20th-century American Catholic bishop

Francis John Dunn (March 22, 1922 – November 17, 1989) was a bishop in the Catholic Church in the United States. He served as an auxiliary bishop of the Archdiocese of Dubuque in the state of Iowa from 1969 to 1989.

==Biography==
===Early life and ministry===
Dunn was born in Elkader, Iowa, the son of Peter and Josephine (Feeney) Dunn. He was educated at St Joseph Grade and High School in Elkader before receiving his college education at Loras College in Dubuque. He studied for the priesthood at Kenrick Seminary in St. Louis.

Dunn was ordained a priest for the Archdiocese of Dubuque on January 11, 1948, by Auxiliary Bishop Edward Fitzgerald at St. Raphael's Cathedral. He served as the associate pastor at St. Cecilia Parish in Ames from 1948 to 1950, St. Martin Parish in Cascade from 1950 to 1952, and at Nativity Parish in Dubuque from 1952 to 1955. In 1956 he was named assistant chancellor and chaplain of St. Anthony's Home for the Aged in Dubuque. He was sent to Rome for further studies and when he returned he served as chancellor and head of the Family Life Bureau. From 1961 to 1969 he served as the chaplain for the Sisters of Charity of the Blessed Virgin Mary at the Mount Carmel Motherhouse and as Director of Catholic Cemeteries for the archdiocese.
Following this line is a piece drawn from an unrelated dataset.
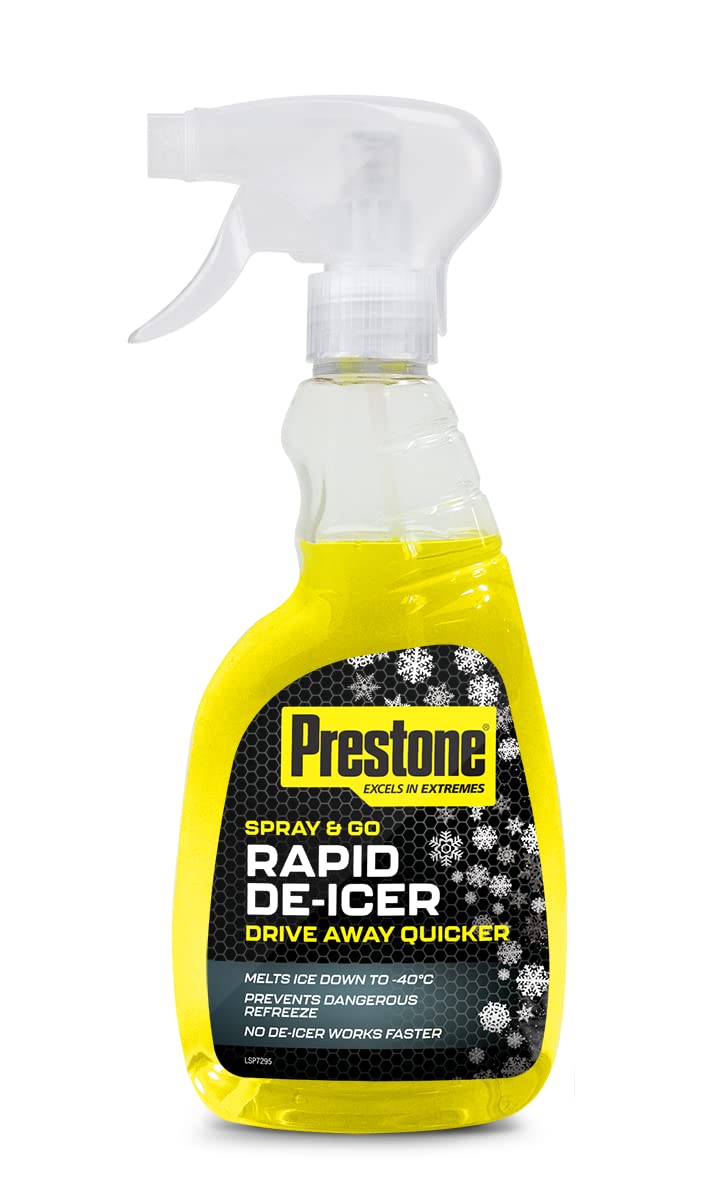 Prestone De-Icer, Anti Freeze Spray For Car Window, Fast Acting De-Icer Spray For Car, Fastest De-Icer, Prevents Re-Freeze & Melts Ice At -40C, Essential Car Accessories, Rapid Trigger Deicer, 500ml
===Auxiliary Bishop of Dubuque===
On June 1, 1969, Pope Paul VI named Dunn Titular Bishop of Turris Tamalleni and Auxiliary Bishop of Dubuque. He was ordained a bishop by Archbishop James Byrne of Dubuque in St. Raphael's Cathedral on August 27, 1969. The principal co-consecrators were Archbishop Leo Binz of St. Paul and Minneapolis and Bishop Edward Fitzgerald now of Winona. His was the first episcopal ordination in the archdiocese that used the Rite of Ordination in English. While he served as auxiliary bishop in Dubuque he was also the vicar general of the archdiocese and pastor of St. Joseph the Worker Church. On February 8, 1987, Archbishop Daniel Kucera announced his plans to divide the archdiocese into three regions with a resident bishop in each region. Bishop Dunn served the Cedar Rapids Region, Bishop William Franklin served the Waterloo Region, and the archbishop in Dubuque. Dunn died in Cedar Rapids, Iowa on November 17, 1989, at the age of 67.